- Assignment: The answer must consist solely of the lines from the one containing "Beeld van Heqat, de" through the last line of the records, set down exactly and without any pictures.

- Given data:
*** Block opens ***

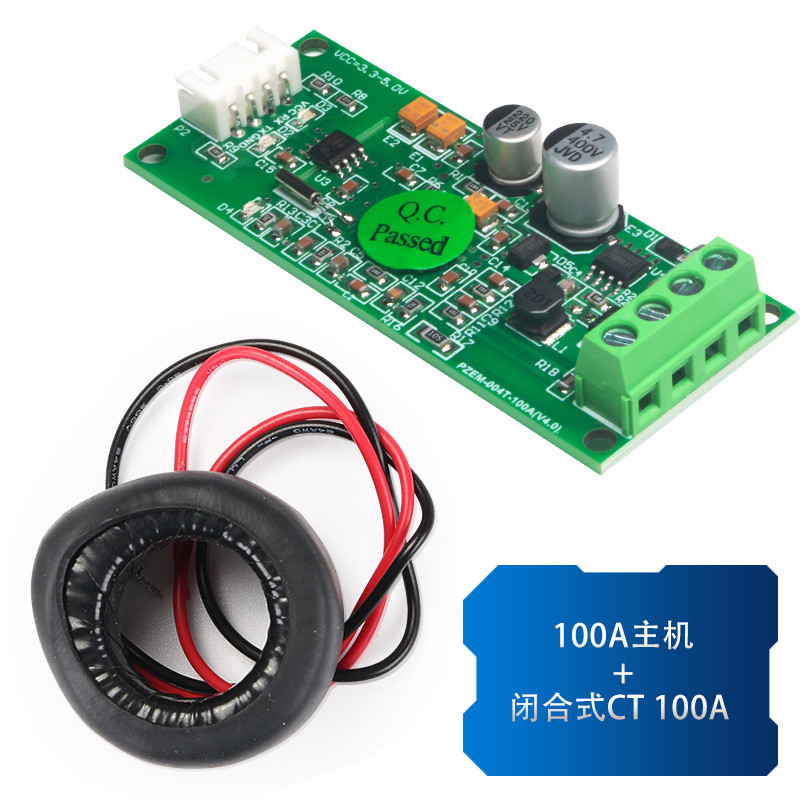 โมดูลทดสอบแรงดันไฟฟ้า โวลต์แอมป์ PZEM-004T อเนกประสงค์ สําหรับ Arduino TTL COM2\COM3\COM4 0-100A 80-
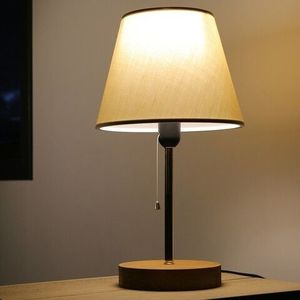 Lampa de masa, AYD - 2647, Insignio, 22 x 41 cm, 1 x E27, 60W, bej/maro imagine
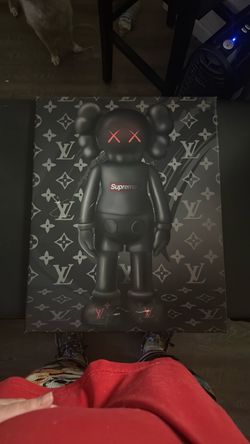 Kaws Canvas LV collab Picture 16x20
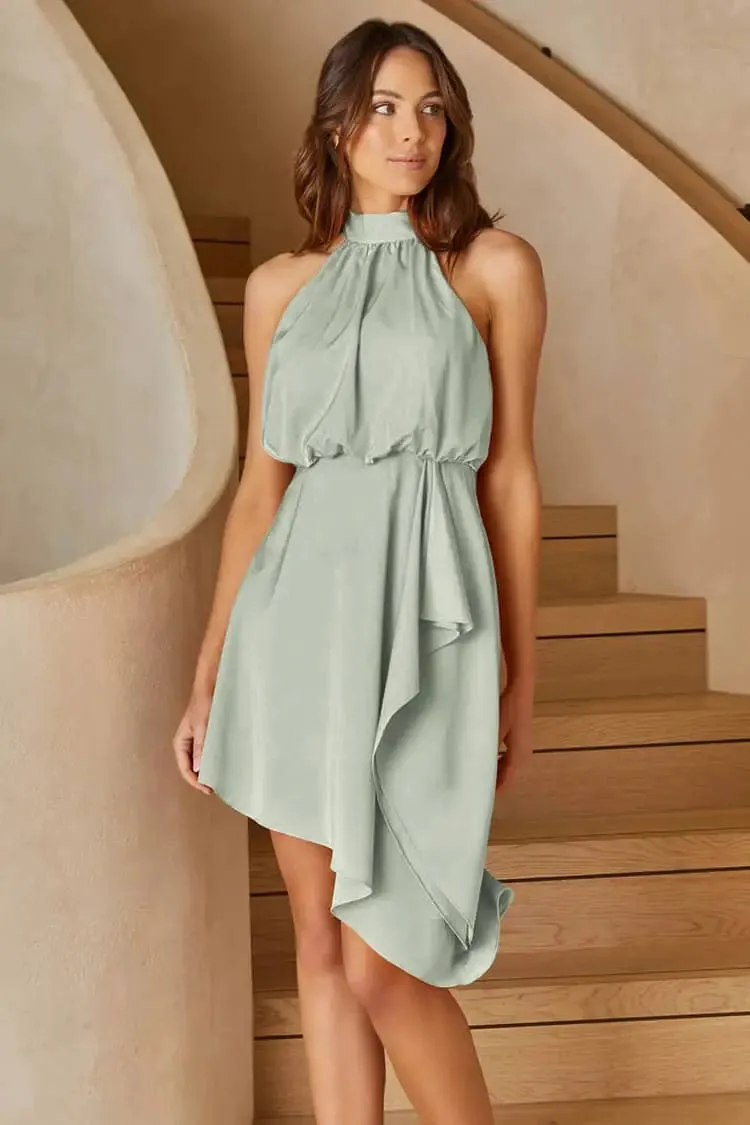 Halter Wrap Dress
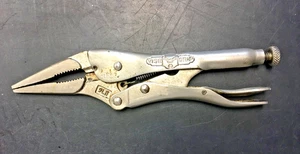 VISE GRIP Petersen, 9LN, PETTERSEN MEG. CO., Long Nose Locking Pliers, USA - Foto 1 di 8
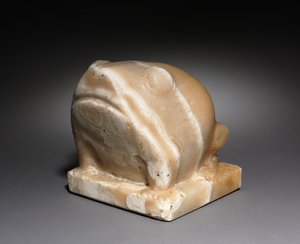 Beeld van Heqat, de Kikkergodin, ca. 2950 v.Chr. door Predynastic Period Egyptian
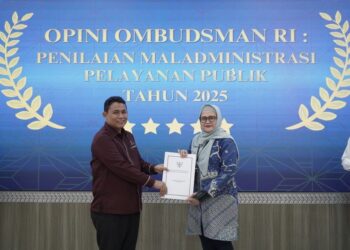 Pemda DIY meraih skor 86 dan kategori kualitas tinggi dalam Penilaian Pelayanan Publik 2025 oleh Ombudsman RI.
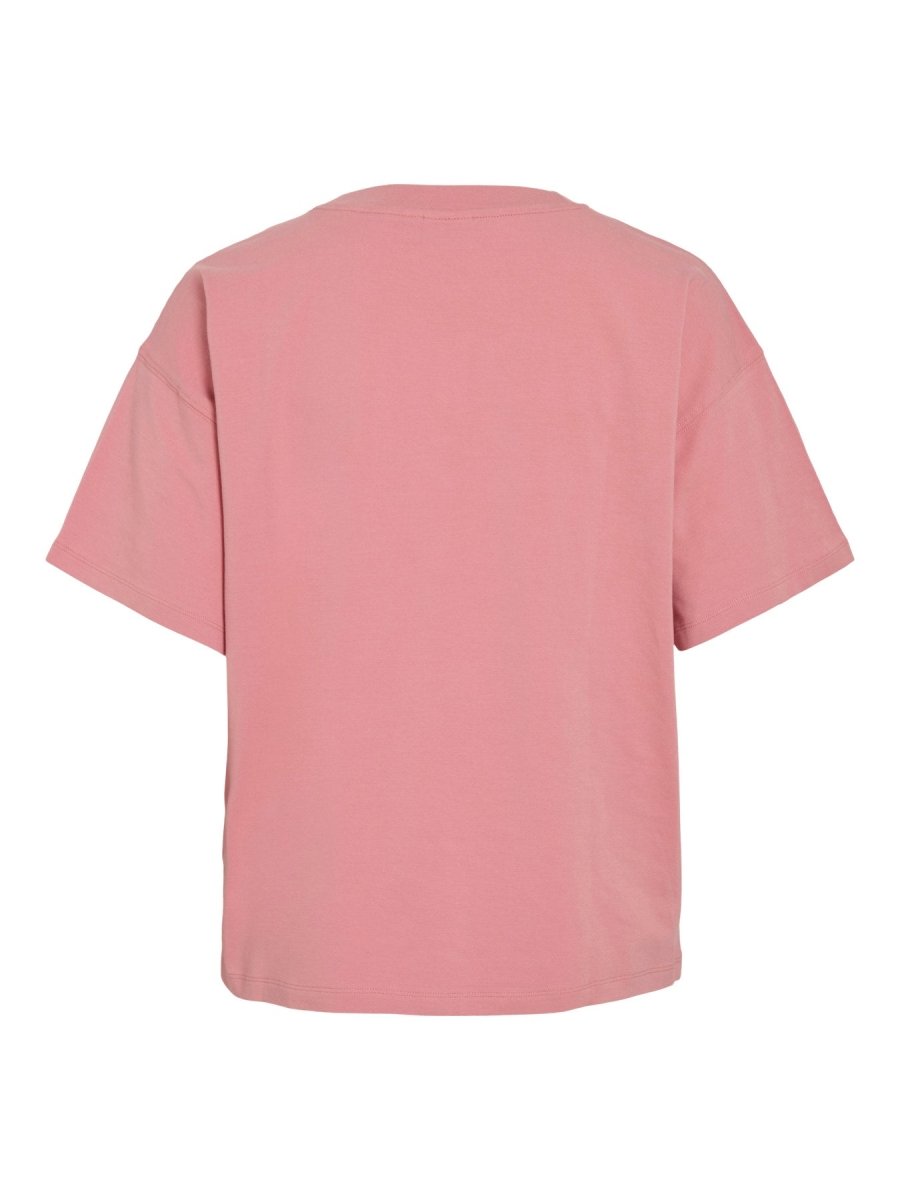 Vinorani Patch O-Neck S/S T-Shirt van Vila – Tops voor dames | Meisjes Brugge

*** Block closes ***

- Finished exercise:
 Beeld van Heqat, de Kikkergodin, ca. 2950 v.Chr. door Predynastic Period Egyptian
 Pemda DIY meraih skor 86 dan kategori kualitas tinggi dalam Penilaian Pelayanan Publik 2025 oleh Ombudsman RI.
 Vinorani Patch O-Neck S/S T-Shirt van Vila – Tops voor dames | Meisjes Brugge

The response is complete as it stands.